[INFORMATION SHOWN — start]

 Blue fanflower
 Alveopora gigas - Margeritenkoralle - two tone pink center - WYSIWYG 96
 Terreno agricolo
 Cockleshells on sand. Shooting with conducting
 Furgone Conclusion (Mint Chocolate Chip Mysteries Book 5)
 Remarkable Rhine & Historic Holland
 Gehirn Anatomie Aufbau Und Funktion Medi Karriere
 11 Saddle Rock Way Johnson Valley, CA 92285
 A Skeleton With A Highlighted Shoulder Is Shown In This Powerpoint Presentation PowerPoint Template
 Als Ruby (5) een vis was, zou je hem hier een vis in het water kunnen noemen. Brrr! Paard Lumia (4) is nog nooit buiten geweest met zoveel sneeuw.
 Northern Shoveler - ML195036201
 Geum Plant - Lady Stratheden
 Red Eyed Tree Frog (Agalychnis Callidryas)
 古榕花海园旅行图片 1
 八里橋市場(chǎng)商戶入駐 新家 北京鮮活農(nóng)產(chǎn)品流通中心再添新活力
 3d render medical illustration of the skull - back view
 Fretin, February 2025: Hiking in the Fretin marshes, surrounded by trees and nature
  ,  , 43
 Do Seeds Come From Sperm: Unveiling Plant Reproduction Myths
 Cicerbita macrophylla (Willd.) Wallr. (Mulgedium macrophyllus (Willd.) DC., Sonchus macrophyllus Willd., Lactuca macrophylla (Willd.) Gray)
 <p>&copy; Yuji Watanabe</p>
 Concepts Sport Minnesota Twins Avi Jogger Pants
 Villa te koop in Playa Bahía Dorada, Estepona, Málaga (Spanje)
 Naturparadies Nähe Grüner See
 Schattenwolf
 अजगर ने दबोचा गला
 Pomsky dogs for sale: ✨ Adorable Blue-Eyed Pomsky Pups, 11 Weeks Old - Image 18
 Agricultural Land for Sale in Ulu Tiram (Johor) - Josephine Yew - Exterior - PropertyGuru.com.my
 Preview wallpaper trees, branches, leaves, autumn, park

[INFORMATION SHOWN — finish]

Return the lines from the one containing "3d render medical" through the last line of the records. Include both ends and nothing else.

 3d render medical illustration of the skull - back view
 Fretin, February 2025: Hiking in the Fretin marshes, surrounded by trees and nature
  ,  , 43
 Do Seeds Come From Sperm: Unveiling Plant Reproduction Myths
 Cicerbita macrophylla (Willd.) Wallr. (Mulgedium macrophyllus (Willd.) DC., Sonchus macrophyllus Willd., Lactuca macrophylla (Willd.) Gray)
 <p>&copy; Yuji Watanabe</p>
 Concepts Sport Minnesota Twins Avi Jogger Pants
 Villa te koop in Playa Bahía Dorada, Estepona, Málaga (Spanje)
 Naturparadies Nähe Grüner See
 Schattenwolf
 अजगर ने दबोचा गला
 Pomsky dogs for sale: ✨ Adorable Blue-Eyed Pomsky Pups, 11 Weeks Old - Image 18
 Agricultural Land for Sale in Ulu Tiram (Johor) - Josephine Yew - Exterior - PropertyGuru.com.my
 Preview wallpaper trees, branches, leaves, autumn, park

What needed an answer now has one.